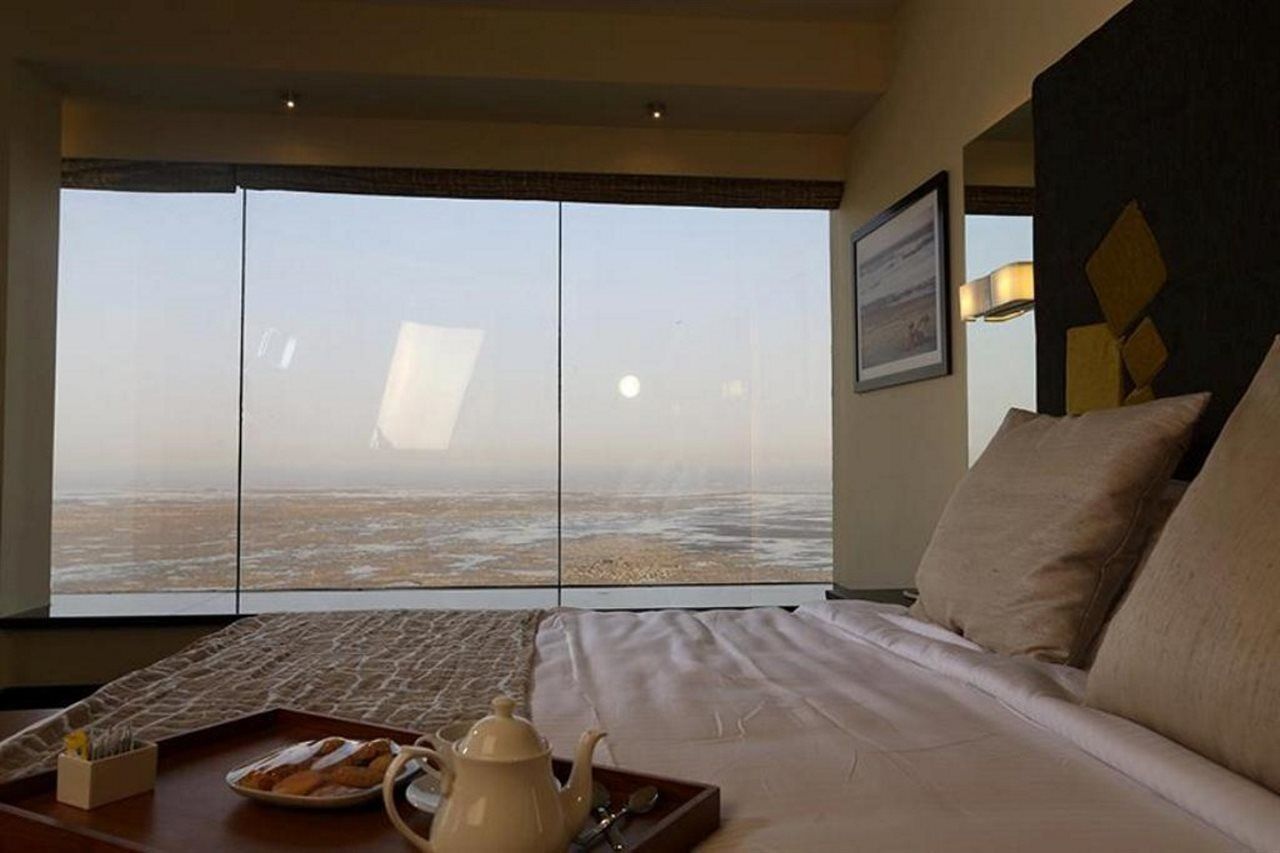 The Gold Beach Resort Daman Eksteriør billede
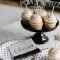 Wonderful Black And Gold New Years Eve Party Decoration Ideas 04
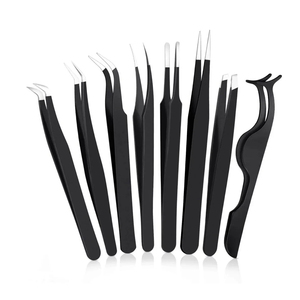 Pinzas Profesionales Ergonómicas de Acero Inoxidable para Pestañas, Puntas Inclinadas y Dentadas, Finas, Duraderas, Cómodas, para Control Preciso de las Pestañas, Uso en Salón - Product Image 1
::::
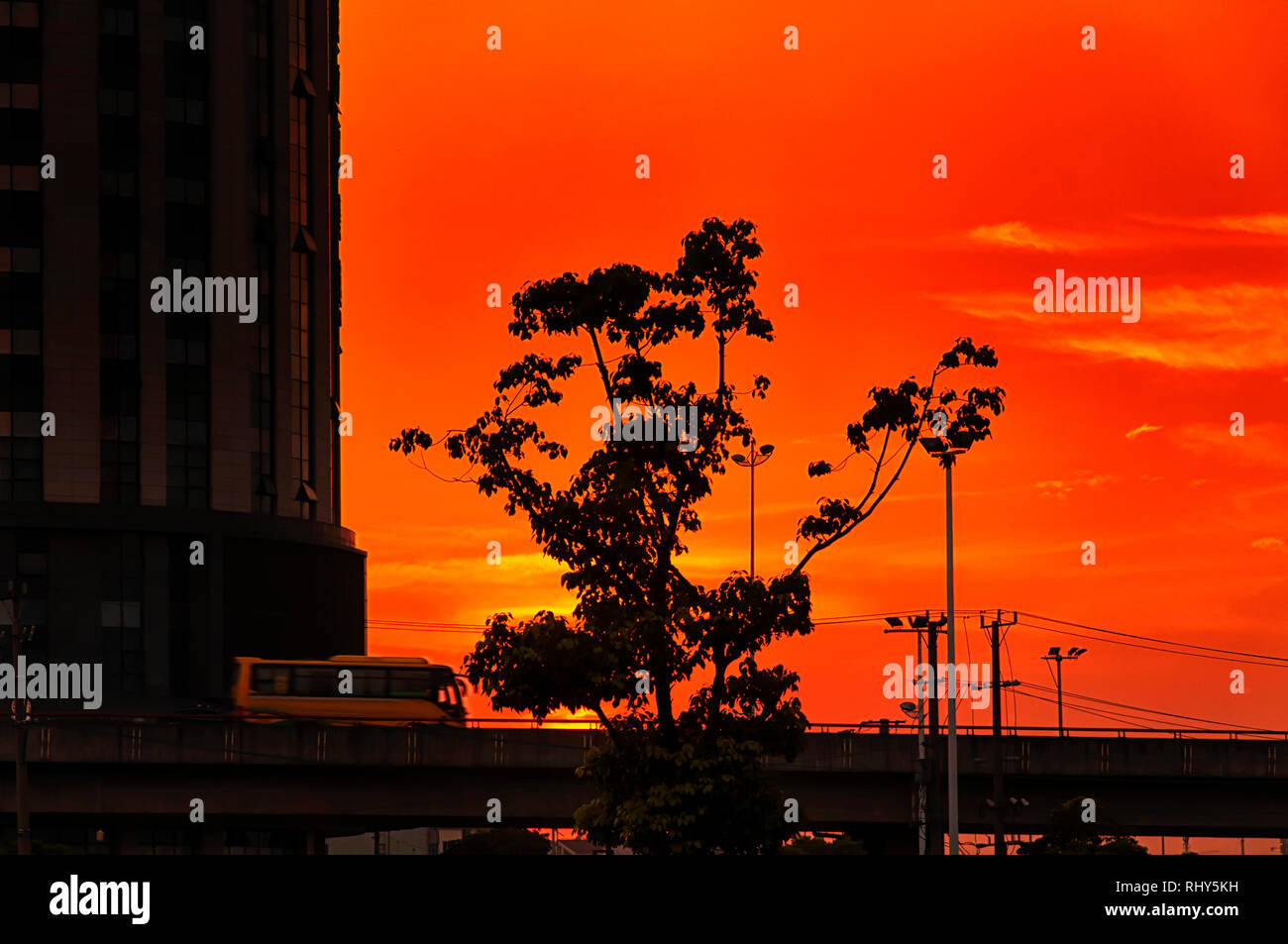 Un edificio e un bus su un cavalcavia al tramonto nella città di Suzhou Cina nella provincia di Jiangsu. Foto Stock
::::
**Task item**
With the pictures omitted, copy exactly the lines of the listing above starting at the line containing "Wonderful Black And" and ending at the line containing "Pinzas Profesionales Ergonómicas", both included.

**Expected output**
 Wonderful Black And Gold New Years Eve Party Decoration Ideas 04
 Pinzas Profesionales Ergonómicas de Acero Inoxidable para Pestañas, Puntas Inclinadas y Dentadas, Finas, Duraderas, Cómodas, para Control Preciso de las Pestañas, Uso en Salón - Product Image 1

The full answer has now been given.